A team of researchers claims to have found an elusive algal toxin implicated in massive fish kills along the Mid-Atlantic coast in the 1990s. They say that the compound’s characteristics explain why it has been so difficult to track down. Other researchers, however, remain skeptical.
The hunt for a toxic product of the single-celled alga Pfiesteria piscicida dates to the early 1990s, when researchers laid the blame for fish kills in North Carolina waters on the organism (SN: 9/27/97, p. 202: https://www.sciencenews.org/pages/sn_arc97/9_27_97/bob1.htm). Moreover, scientists who worked with the alga in the laboratory reported headaches and rashes. Public safety concerns led Maryland officials to temporarily limit access to certain Chesapeake Bay waterways in 1997 after a fish kill occurred there.
Not all scientists agreed that a toxic agent secreted by that alga was responsible for the fish deaths. Some researchers blamed a fungal disease first described in the 1980s (SN: 10/10/98, p. 231), while two research groups independently reported that they couldn’t find evidence that Pfiesteria shumwayae, the other named Pfiesteria species, makes a toxin (SN: 8/10/02, p. 84: Available to subscribers at Pfiesteria’s Bite: Microbe may kill fish by skinning, not poisoning). One of those teams proposed that the alga eats away fish skin.
A different group now reports a structure for the chemical that it says is responsible for the toxicity. Peter D. R. Moeller, an organic chemist with the National Oceanic and Atmospheric Administration’s Hollings Marine Laboratory in Charleston, S.C., and his colleagues describe their data in the Feb. 15 Environmental Science & Technology.
From work that used five analytical methods, the researchers propose that the toxin’s structure contains a carbon chain interrupted by a sulfur-copper-sulfur segment. They found that the compound, when energized by light, produces free radicals, which are highly reactive chemical species with unpaired electrons.
As the compound generates free radicals, it decomposes, Moeller says, so it remains active only for several days. This could explain why the toxin has been so elusive. “It’s destroying itself. That’s why you can’t find it after the fact,” Moeller says.
Various environmental cues are necessary to start the compound on its free radical–generating path, he adds. The researchers found that light, high heat, and changes in pH can set off the compound. Other environmental conditions could also contribute, Moeller says, adding that the researchers won’t know more “until we test this in the wild.”

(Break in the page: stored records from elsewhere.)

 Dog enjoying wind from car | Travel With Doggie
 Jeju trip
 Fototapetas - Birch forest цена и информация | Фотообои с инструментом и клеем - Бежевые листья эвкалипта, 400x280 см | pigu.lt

But the new evidence has left others unconvinced of the compound’s structure and toxicity. Robert E. Gawley, an organic chemist at the University of Arkansas in Fayetteville who has searched for the toxin, says that the characterization report is incomplete and doesn’t meet “the standards of a rigorous structural proof.”
William B. Tolman, an inorganic chemist at the University of Minnesota in Minneapolis, says that the evidence for copper-sulfur bonds is weak. The reported distance between the copper and sulfur atoms is too long for the proposed structure, he says.
Tolman also notes that while the researchers provide proof that free radicals are present, “whether or not the free radicals are responsible for the toxicity is not clear.”